Depuis août 2023, le juge a présidé cinq audiences au sujet de la motion des demandeurs concernant l’ordonnance rendue en vertu de l’article 7. Les demandeurs ont d’abord proposé un processus de règlement de réclamations prévoyant le renvoi de réclamations à des arbitres non judiciaires dont la décision serait confirmée par un juge. Le juge a rejeté cette proposition, citant notamment la compétence limitée de la Cour pour ce qui est d’ordonner des « innovations procédurales ».
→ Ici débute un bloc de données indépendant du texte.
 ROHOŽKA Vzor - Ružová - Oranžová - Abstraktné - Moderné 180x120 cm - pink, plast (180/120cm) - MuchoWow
Le plan découlant de l’ordonnance rendue en vertu de l’article 7
Le juge a plutôt approuvé un processus sur mesure pour la transition du recours collectif vers un maximum de 60 recours joints avec option de participation, chacun visant une équipe, la ligue à laquelle elle appartient et la LCH. L’ordonnance rendue en vertu de l’article 7 prévoit aussi des dispositions sur le processus décisionnel applicable à ces recours, notamment dans un souci d’efficacité. Elle prévoit entre autres :
- la transmission d’un avis aux membres du groupe les informant du refus de certifier et de la possibilité de participer au recours s’appliquant à eux suivant la jonction (l’avis doit être transmis de façon directe, à l’aide des coordonnées dont disposent les défenderesses, et de façon indirecte, au moyen de publications sur le Web et les médias sociaux. De plus, les frais de cet avis incombent aux défenderesses);
- le processus que les demandeurs doivent suivre pour participer à un recours joint. Ils doivent notamment fournir l’information nécessaire aux avocats du groupe pour qu’ils les ajoutent au bon recours;
- des exigences pour le dépôt d’actes de procédure confidentiels, notamment celle de caviarder les renseignements nominatifs jusqu’à la clôture de la procédure écrite;
- l’obligation pour les demandeurs de proposer des offres de règlement spéciales;
- le processus de gestion des mises en cause;
- la gestion de l’instance par un seul juge pour tous les recours issus de la jonction;
- la considération du recours à des procès baromètres (bellwether).
Regard vers l’avenir
Comme nous l’avons mentionné, les demandeurs ont interjeté appel de l’ordonnance rendue en vertu de l’article 7. Reste que l’affaire Carcillo pourra servir de précédent aux tribunaux canadiens qui voudront mettre en place des processus similaires, même si on ne peut pas prédire s’ils rendront de telles ordonnances ou si les demandeurs en solliciteront. À ce jour, aucune autre décision se prévalant de l’article 7 de la Loi pour créer un processus semblable n’a été publiée. Dans le cas où les législateurs du Canada adopteraient un processus semblable à celui qui existe aux États-Unis pour les litiges multidistricts, et d’ici à ce qu’un tel processus soit en vigueur, l’ordonnance rendue en vertu de l’article 7 dans cette affaire peut servir de modèle pour la résolution de litiges en responsabilité délictuelle de masse lorsque ces litiges ne peuvent être certifiés à titre de recours collectif.
Bennett Jones représente les défenderesses.